I could have mohawked her pubes.
All I have in my fridge is chocolate cake, pizza, spicy mayo sauce, beer, and weed. I love college
I learned his name tonight. This now makes him a real person. Obviously, I no longer want to sleep with him.
How do I invite him to our 4th of July cookout without sounding too much like "hey you were my first orgasm and I want your dick inside my while watching fireworks"
At this point do you think buying mom a pot plant would be funny or highly inappropriate?
Yeah. I've decided no relationship can survive me shoving my boobs in the guys face
Just slept with a female bodybuilder. not cute. but it was like fucking hulk hogan with a twat.

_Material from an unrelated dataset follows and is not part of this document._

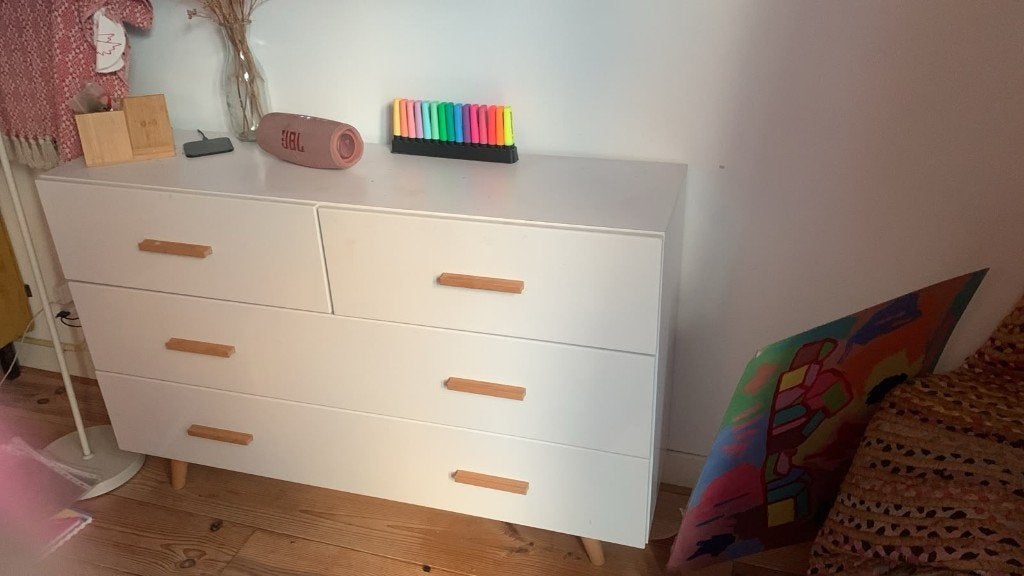 Dressoir, ladenkast, commode wit met hout, Ophalen, Gebruikt, 100 tot 150 cm, 3 of 4 laden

Beastly.
im so disgusted with myself. funny thing was i lasted 15 seconds. she benches 325
As i was laying there shouting that he dislocated my hip he actually reached his armed around and patted himself on the back
Just peed out a window, not entirely sure it's open. Can't tell. I'll find out in the morning.
Something like that. Healthy diet of beer, ranch sunflower seeds and sex keeps me young.

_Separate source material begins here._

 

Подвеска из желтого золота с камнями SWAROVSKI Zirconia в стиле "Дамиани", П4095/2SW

I went to her house she had a kid pool in her living room watching the vacation channel drinking rum out of the bottle saying" life is what you make it. Mines a vacation!!!"
the conference was great. we had to hide the acid in a planter in front of the department of agriculture though
Well, if you're anything like me you'll get a lot of ass when you turn 30, so that's a plus
I just want a simple guy who likes cats, tattoos, and doing coke off my tits.
Update: He still has devil magic genitals.